Moshe Kasher has penned a memoir that is equal parts heart breaking and inspirational. Kasher In The Rye is his attempt to make sense of – and shed – his demons while explaining how everything went so very wrong in his life. The result is simply jaw dropping.

“I’m not sure what happens to normal people when they get high for the first time. I assume that they get high, feel delighted, and think, ‘That was soul stimulating. I feel enlightened but not overwhelmingly so. I await another appropriate occasion for mind expansion in a reasonably far-off time, when I will make a conscious and mature decision to take a mood-altering substance again.’

“Not me. I realized in that little high sambo slam-dance circle, right before I melted into hemp butter, that I never wanted not to be high again. I would do whatever it took to get high forever, all the time, for the rest of my life. I was twelve years old and I’d found my calling. Stay high, stay drunk, at all costs.”

Growing up in Oakland, CA, Moshe Kasher never quite fit in. A Jew in a Christian home. A white kid in a black school. A drug addict in an affluent middle school. Everywhere Moshe went, it seemed he just could not fit in. That is, until he discovered booze.

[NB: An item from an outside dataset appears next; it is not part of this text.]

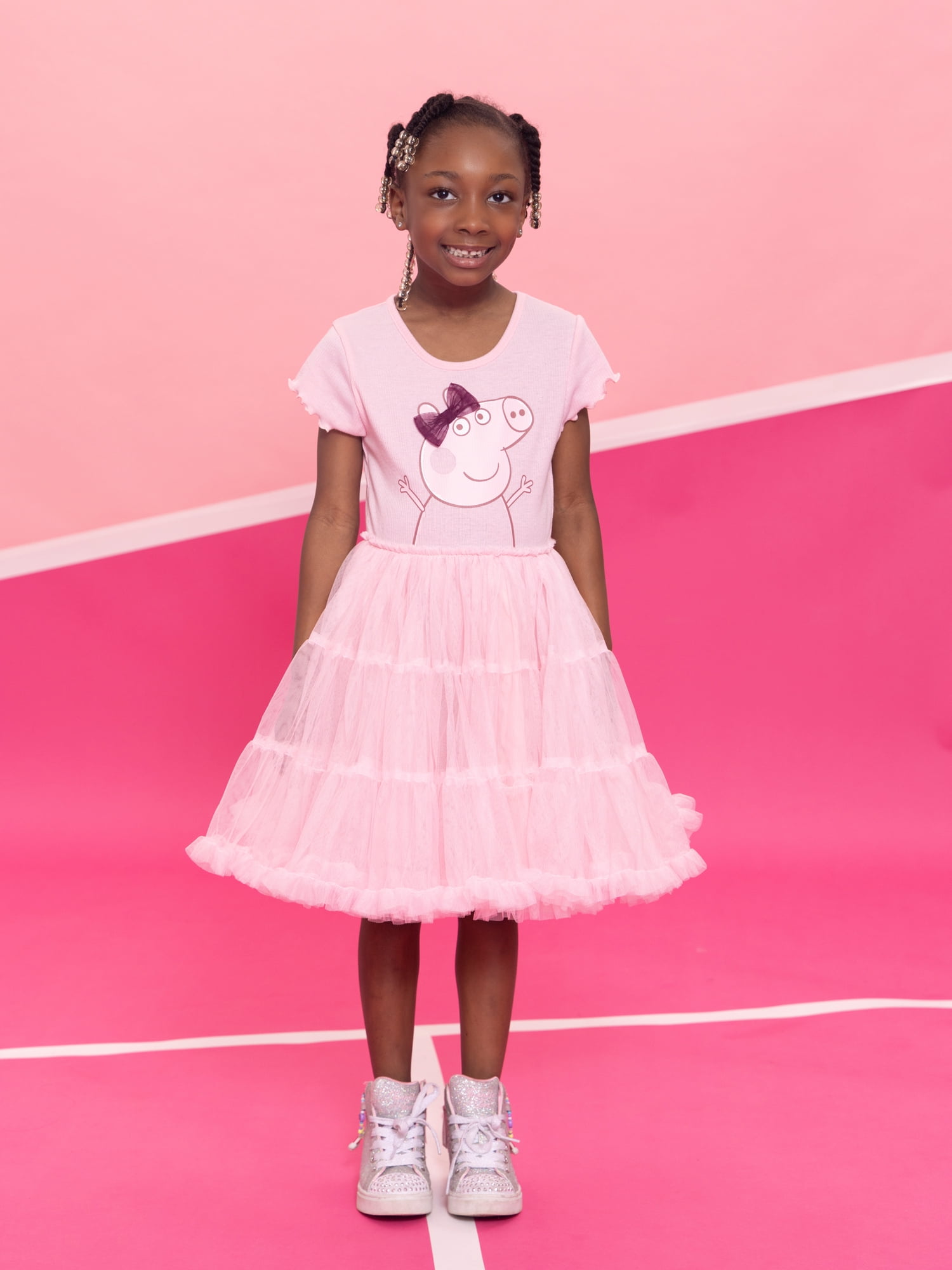Peppa Pig Toddler Girls Graphic Tutu Dress with Short Sleeves, Sizes 12M- 5T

Then drugs. Then stealing. Life would never be the same again.

Kasher really opens the door for people to see what it actually is like to be so desperately addicted to a substance that nothing else matters; how it feels to literally live for the high. Non-addict readers will be shocked. Readers who’ve shared in this struggle will feel a kinship of empathy for Moshe.

While the writing is relatively pedestrian – and the big F-bomb is dropped into every other sentence – the story carries the reader through some of less than stellar prose. I would recommend this to all.